Stored records
* * * *

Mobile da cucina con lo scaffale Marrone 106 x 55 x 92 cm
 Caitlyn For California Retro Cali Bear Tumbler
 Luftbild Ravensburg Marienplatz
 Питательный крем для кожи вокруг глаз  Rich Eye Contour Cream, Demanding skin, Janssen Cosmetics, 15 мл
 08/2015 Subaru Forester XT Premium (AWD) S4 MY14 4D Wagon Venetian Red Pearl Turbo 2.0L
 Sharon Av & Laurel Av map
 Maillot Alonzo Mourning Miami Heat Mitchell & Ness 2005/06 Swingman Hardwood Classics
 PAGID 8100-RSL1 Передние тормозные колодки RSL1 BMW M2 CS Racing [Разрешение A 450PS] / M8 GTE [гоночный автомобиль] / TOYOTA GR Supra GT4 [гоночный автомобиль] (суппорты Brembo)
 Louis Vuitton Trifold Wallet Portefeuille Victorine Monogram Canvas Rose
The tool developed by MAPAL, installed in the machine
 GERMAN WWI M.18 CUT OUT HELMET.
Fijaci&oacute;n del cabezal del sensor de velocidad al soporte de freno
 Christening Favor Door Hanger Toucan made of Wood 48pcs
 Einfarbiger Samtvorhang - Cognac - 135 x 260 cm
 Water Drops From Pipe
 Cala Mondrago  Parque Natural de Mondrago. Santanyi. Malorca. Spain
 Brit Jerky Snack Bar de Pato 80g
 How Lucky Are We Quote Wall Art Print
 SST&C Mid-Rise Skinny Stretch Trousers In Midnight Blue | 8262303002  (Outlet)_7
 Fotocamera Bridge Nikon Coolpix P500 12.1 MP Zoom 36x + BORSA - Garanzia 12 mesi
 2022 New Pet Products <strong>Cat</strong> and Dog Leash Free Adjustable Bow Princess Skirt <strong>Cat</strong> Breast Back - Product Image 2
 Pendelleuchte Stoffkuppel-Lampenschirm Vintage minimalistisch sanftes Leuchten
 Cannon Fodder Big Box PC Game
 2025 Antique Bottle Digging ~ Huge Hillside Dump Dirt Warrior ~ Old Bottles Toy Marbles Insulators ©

* * * *

§ **Assigned task**:
Copy the lines above exactly. Start with the line containing "08/2015 Subaru Forester", end with the line containing "GERMAN WWI M.18 CUT OUT HELMET.", and include both.

§ **Output for this task**:
 08/2015 Subaru Forester XT Premium (AWD) S4 MY14 4D Wagon Venetian Red Pearl Turbo 2.0L
 Sharon Av & Laurel Av map
 Maillot Alonzo Mourning Miami Heat Mitchell & Ness 2005/06 Swingman Hardwood Classics
 PAGID 8100-RSL1 Передние тормозные колодки RSL1 BMW M2 CS Racing [Разрешение A 450PS] / M8 GTE [гоночный автомобиль] / TOYOTA GR Supra GT4 [гоночный автомобиль] (суппорты Brembo)
 Louis Vuitton Trifold Wallet Portefeuille Victorine Monogram Canvas Rose
The tool developed by MAPAL, installed in the machine
 GERMAN WWI M.18 CUT OUT HELMET.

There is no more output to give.